# Sudwala Official 2007 fees?



## got4boys (Sep 14, 2006)

Does any one know what is the official Sudwala 2007 for a 1 bedroom?

I know what the estimated was, but the official. I thought they just had a board meeting at end of August to determine them.


----------



## wgaldred (Sep 15, 2006)

I heard from Niky at the end of July.
There was a proposed rise of 7.95% from 2006. It has to be accepted at the AGM on August 19th but she said "this is a mere formality as the Directors have in depth access to the operations of this Share Block company".
The proposed fee for a 1 bed 9 share is R1,672.38 
The proposed fee for a 1 bed 7 share is R1,300.74  

Willie


----------



## skim118 (Sep 15, 2006)

Does anyone know where such a big difference in fees between the two 1-bed room unit ?  Also how would I know which shareblock I own


----------



## Sydney (Sep 15, 2006)

Check your previous levy statement from the resort which will specify 7 or 9 share or email Niki and ask. She's very good at getting back to owners.


----------



## skim118 (Sep 18, 2006)

The emails I get from do not refer to any shareblock #s.  In any case I paid Rand 2772 for two 2007 weeks recently and I am assuming I am in shareblock "7"(I have no previous balance/credit either).
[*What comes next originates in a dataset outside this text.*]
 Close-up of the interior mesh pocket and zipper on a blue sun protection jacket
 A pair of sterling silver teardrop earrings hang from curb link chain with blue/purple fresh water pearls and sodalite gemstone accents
My question is still why is there such a difference in fees between the two shareblocks ?

The rand has declined to 7.5 to the US$ and it should help the remaining few SA   timeshare owners !


----------



## wgaldred (Sep 18, 2006)

The number of shares your 1 bed is worth is on the top right hand corner of the shareblock certificate you should have received when you bought your units.

There are various sizes of 1 bed units and they are worth either 7,8,9 or 10 shares

Willie


----------